Somme Théologique. II-II Question 174, article 3 :

« La prophétie dans laquelle une vérité surnaturelle est révélée par la lumière intelligible, au moyen d'une vision de l'imagination, tient, comme on vient de le voir, le milieu entre la prophétie ou la vérité surnaturelle est révélée sans vision de l'imagination, et celle ou, par la lumière intelligible, sans vision sensible, l'homme arrive à savoir ou à faire ce qui est du ressort de la conduite humaine.

Or, plus que l'action, la connaissance est l'objet propre de la prophétie. Il en résulte donc que le degré le plus bas de la prophétie est celui dans lequel l'homme est amené par une impulsion intérieure à faire des actes extérieurs ; ainsi est-il dit de Samson, au livre des Juges (Jg 15,14)  : "L'Esprit du Seigneur fondit sur lui ; et, comme les fils de lin se consument à l'ardeur du feu, de même les liens qui l'enchaînaient tombèrent et le dégagèrent".

Le deuxième degré de la prophétie est celui ou l'homme est éclairé par une lumière intérieure pour connaître des vérités qui ne dépassent cependant pas les limites de la connaissance naturelle ; c'est ainsi qu'on lit au sujet de Salomon (1 R 4,13): " Il parlait en paraboles, dissertant sur les arbres, depuis le cèdre qui pousse dans le Liban jusqu'à l'hysope qui sort des murailles, ainsi que sur les bêtes de somme, les oiseaux, les reptiles et les poissons ".

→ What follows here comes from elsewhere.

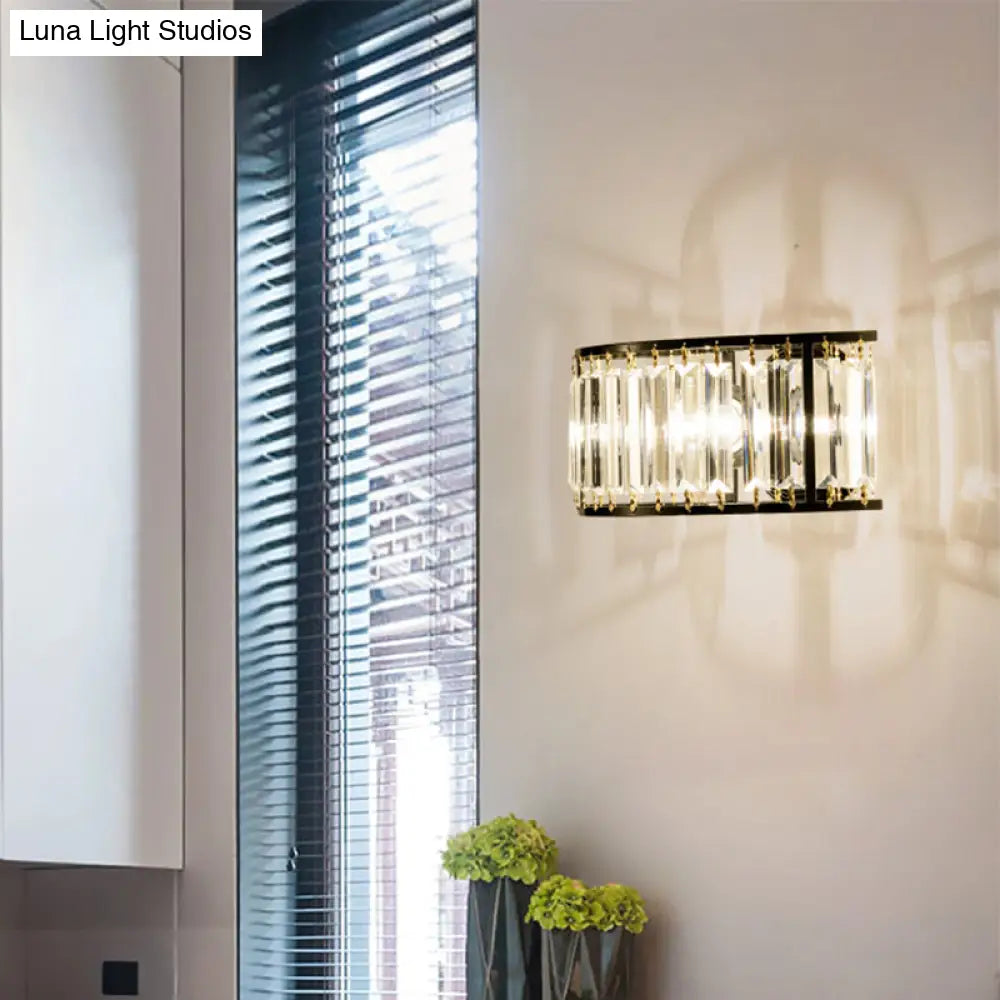 Contemporary Black/Gold Wall Lighting: Clear Crystal Half Cylinder Lamp With 1 Light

Et tout cela venait d'une inspiration divine, car il est dit un peu auparavant (1 R 4,9) : " Dieu donna à Salomon la sagesse et une très grande prudence. " Toutefois ces deux degrés sont inférieurs à la prophétie proprement dite, car ils n'atteignent pas à la vérité surnaturelle.

Quant à la prophétie dans laquelle se manifeste une vérité surnaturelle au moyen d'une vision de l'imagination, voici comment on peut en distinguer les degrés.

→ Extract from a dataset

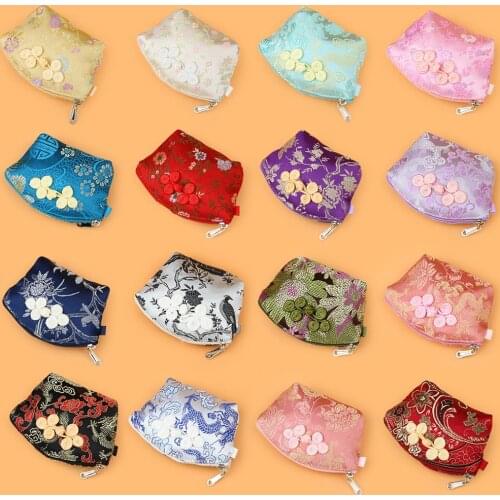 Wholesale 10PCS New Fashion Elegant Triangle bag Ethnic style Embroidery Jewelry bag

1°) Par la différence entre le " songe " qui a lieu pendant le sommeil, et la "vision" qui se produit pendant la veille. Celle-ci constitue un plus haut degré de prophétie : il semble en effet que la lumière prophétique doit avoir de la force pour détacher l'âme occupée pendant la veille à des réalités sensibles et la tourner vers les vérités surnaturelles, plus que pour l'instruire lorsqu'elle est déjà détachée des objets sensibles par le sommeil.

2°) Par la diversité des symboles imagés sous lesquels s'exprime la vérité intelligible. Or, parce que les symboles qui expriment le mieux la vérité intelligible sont les paroles, il semble que la prophétie ou l'on entend, soit pendant la veille, soit durant le sommeil, des paroles exprimant une vérité intelligible l'emporte sur la prophétie ou l'on voit seulement certains symboles de la vérité, comme les "sept beaux épis" qui désignaient "sept années de prospérité" (Gn 41,5; Gn 41,28) . Et ici encore le degré de la prophétie est d'autant plus élevé que les symboles sont plus expressifs : Jérémie (Jr 1,13) rapporte, par exemple qu'il vit l'incendie de la ville sous l'image d'une " marmite qui bouillonne ".

3°) Nous avons affaire à un degré plus élevé de prophétie lorsque le prophète, non seulement perçoit des paroles ou des actions symboliques ; mais encore voit, pendant la veille ou le sommeil, quelqu'un qui s'entretient avec lui ou qui lui montre quelque chose ; cela prouve en effet que l'esprit du prophète s'approche davantage de la cause qui produit la révélation.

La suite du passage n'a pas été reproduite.